Ce pays d’Asie centrale, détaché de l’ancienne URSS, m’avait toujours attiré. Sa capitale Tachkent sonnait bien à mes oreilles comme Boukhara ou Khiva. Et j’avais lu avec passion « Samarcande » d’Amine Maalouf sans oublier de me replonger dans l’épopée d’Alexandre le Grand qui arriva dans ces terres si éloignées de sa Macédoine natale après de multiples conquêtes. Et il y avait la mythique route de la soie ou tout au moins l’une d’entre elles puisque des tracés passaient aussi plus au sud dans l’actuel Iran. Tout ceci avait aiguisé ma curiosité.
La population
35 millions d’habitants vivent sur une surface plus ou moins égale aux deux tiers de celle de la France mais sont essentiellement répartis dans les zones arrosées par deux fleuves prenant leurs sources dans les montagnes du Pamir.
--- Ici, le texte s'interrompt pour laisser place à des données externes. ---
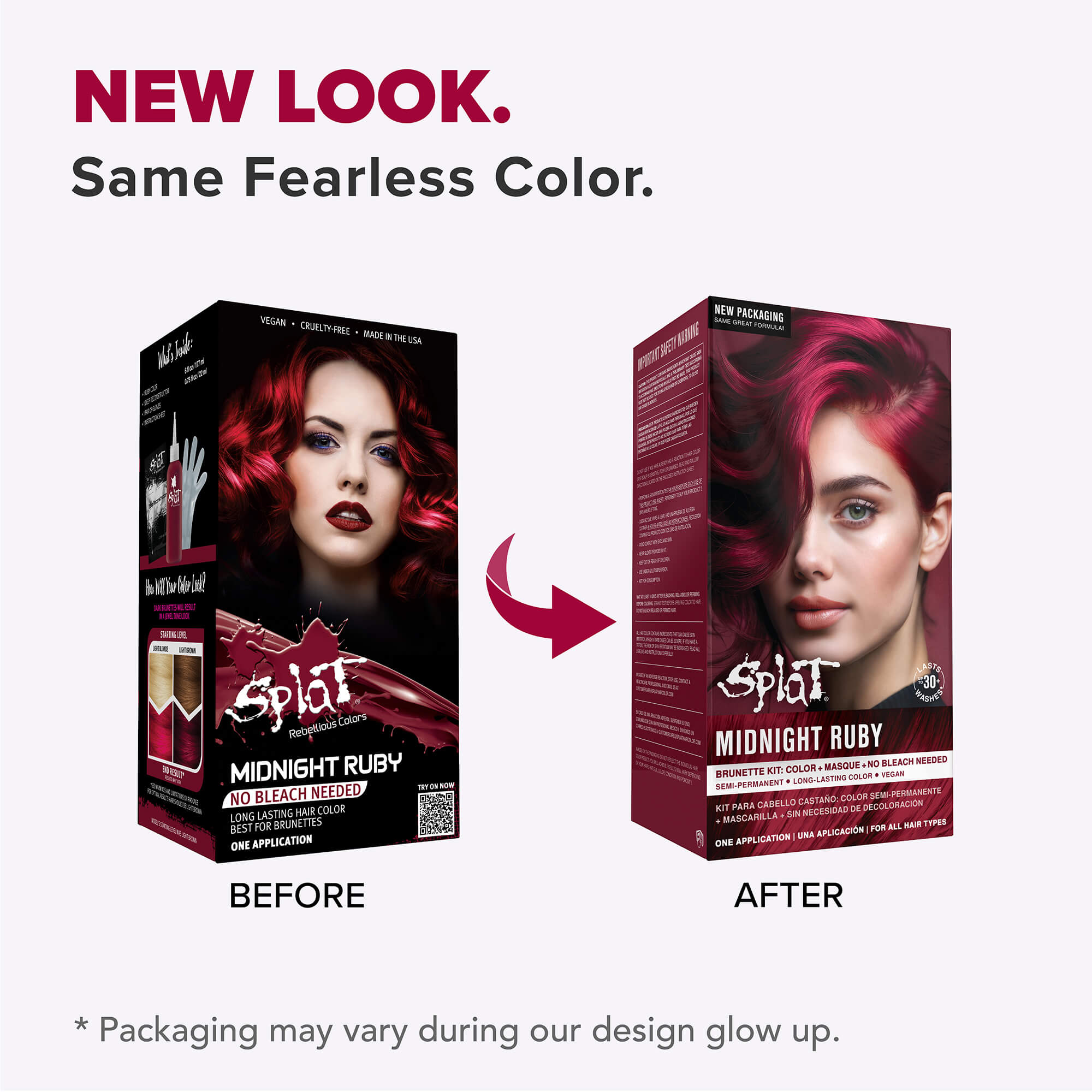 Midnight Ruby No Bleach Dark Red Semi-Permanent Hair Dye Kit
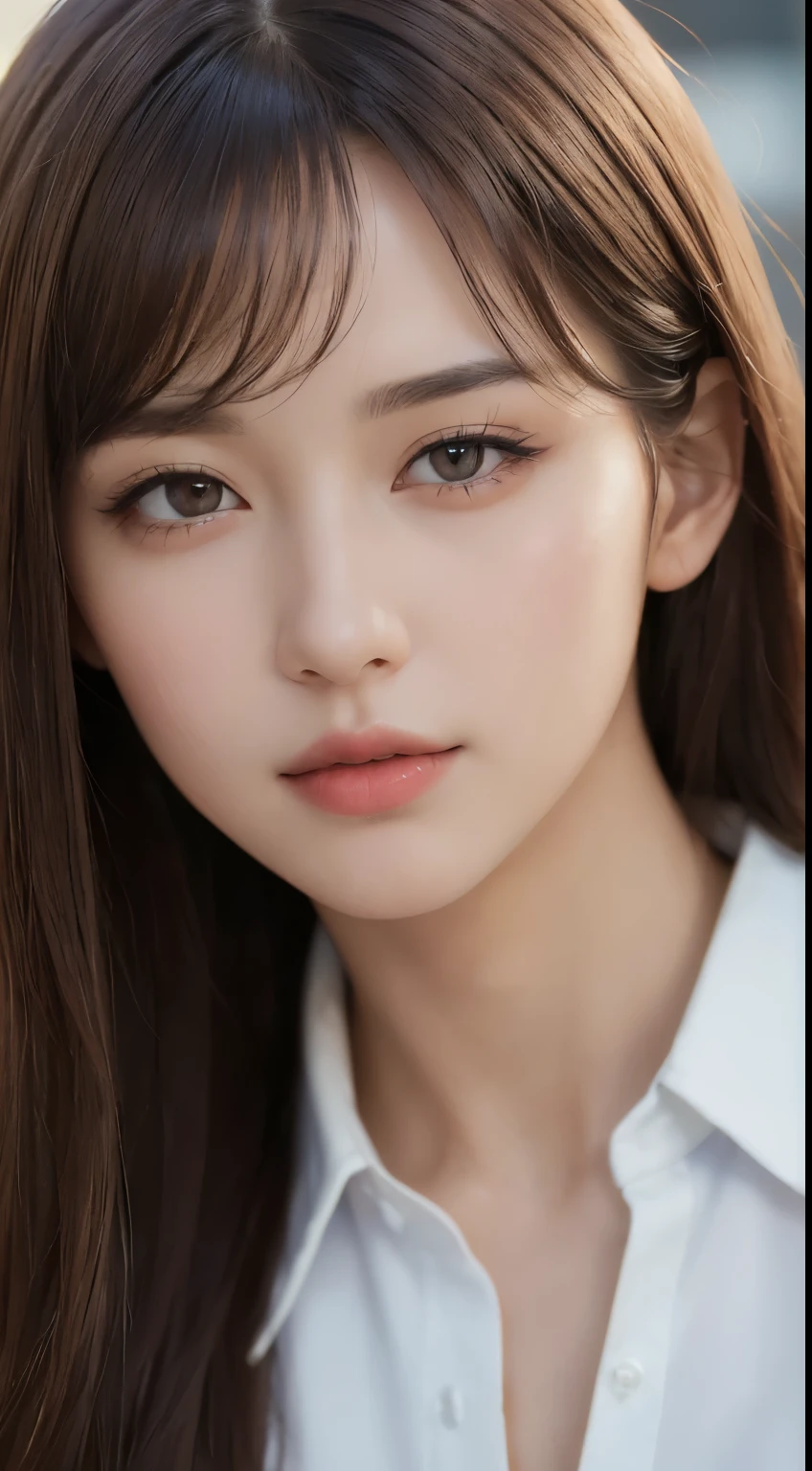 ((best quality, 8k, masterpiece :1.3)), sharp focus :1.2, pretty girl with perfect body :1.4, slim abs :1.2, ((dark brown hair, big bust :1.2)), (White button-up long shirt :1.1), city street:1.2, Highly detailed face and skin texture, detailed eyes, double eyelid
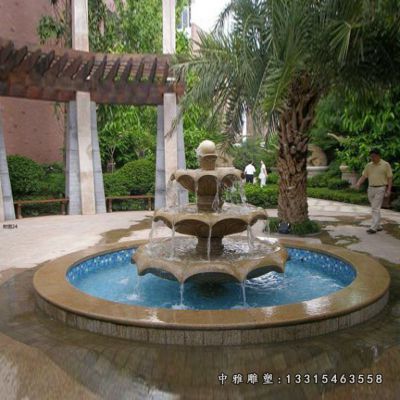 小区石雕多层喷泉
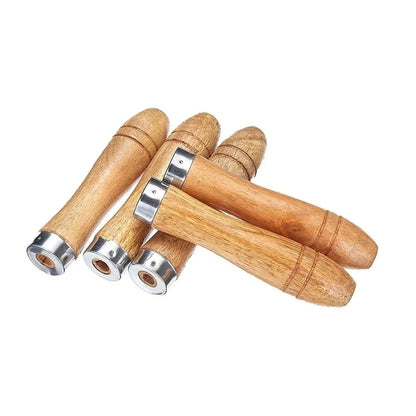 5PCS Wooden File Handles Ergonomic Secure Fit 9cm Length 4mm Diameter Fits 4-6 Inch Files Versatile for Metal Files Wood Rasps Screwdrivers Hand Drills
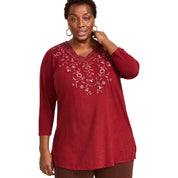 Style & Co Plus Size Embroidered V-Neck Knit Tunic Top - Scarlet Crush 3X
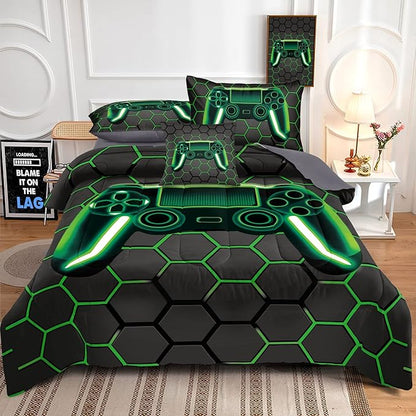 Kids Gaming Bedding Sets, 6 Piece Gamer Comforter Sets for Teens Boys Queen Size for Bedroom Comforter Set Adult 3D Gamepad Microfiber Bedding Sets Fits All Season (Queen Comforter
Quant au reste du pays, ce ne sont que de monotones steppes arides. Les caravansérails, haltes fortifiées sur l’ancienne route de la soie pour le ravitaillement des hommes et des chameaux, ont été effacés par les sables. Que dire des Ouzbeks ? Ils sont accueillants, sympathiques, fiers de leur passé. A mon premier soir dans un jardin de Tachkent, je fus plusieurs fois questionné par des étudiantes quant à mes premières impressions. Aucune méfiance alors que quelques-unes portaient le hijab, le foulard islamique. Tachkent et ses larges avenues est très propre et il ne viendrait pas à l’idée d’un « artiste de rue » de laisser son empreinte sur une façade comme à des jeunes gens d’arborer des tatouages. En terre d’Islam, ce serait haram (péché), même si le nombre de pratiquants n’excède pas les dix pour cent de la population.
Les rites
Pour les garçons d’un, trois ou cinq ans, la circoncision est une étape importante de sa vie. Elle donne souvent lieu à une fête avec un cortège de parents et amis accompagnant un petit prince tout de blanc vêtu portant un turban, symbole de pureté. Si l’opération était autrefois réalisée par le barbier du coin, elle se pratique désormais en clinique. Mais de tous les rites, c’est le mariage qui marque à tout jamais l’existence. Si dans les centres urbains des idylles se nouent sans qu’il ne soit arrangé, il n’en est pas de même pour la majeure partie des jeunes gens. C’est à la famille du jeune homme de prendre les devants. Une liste est dressée, longuement étudiée. Le père se rendra au domicile de la promise en déclarant qu’il recherche une belle fleur car son rossignol ne chante plus. On est poète ou on ne l’est pas ! La famille de la fille se dit honorée mais ne donne pas tout de suite son accord. Entre en scène un Komintern formé de la maman, des tantes, sœurs et cousines : elles forment un bureau de renseignements efficace, digne de l’ancien KGB. Les téléphones chauffent afin de savoir si le prétendant est bien celui qui fut décrit, c’est-à-dire bien élevé, travailleur et en bonne santé, donc digne de confiance. Gare aux mésalliances ! Après quelques visites toujours ritualisées, l’accord est conclu et les promis font connaissance. Il appartient à la future épouse de servir solennellement le thé vert, la boisson nationale. Une salle doit être réservée bien à l’avance car le mariage n’est pas destiné à un nombre restreint de personnes. « Venez nombreux » dit l’invitation : les convives se retrouvent à cinq cents ! Le plov, plat national, est servi tôt le matin puis les mariés vont se faire photographier devant un monument. A Samarcande, j’ai compté treize couples se tenant droits comme des i. Les réjouissances se terminent le soir par un banquet très éloigné de l’islam rigoriste wahhabite. Les femmes dansent, vin et vodka sont généreusement servis et les enfants déambulent tout étourdis par la fête : petites filles aux souliers vernis, bas blancs, robes pailletées avec des fleurs dans les cheveux et garçons en costume trois pièces et nœud papillon. Le mariage arrangé peut surprendre les Occidentaux mais il prévaut dans de nombreux pays.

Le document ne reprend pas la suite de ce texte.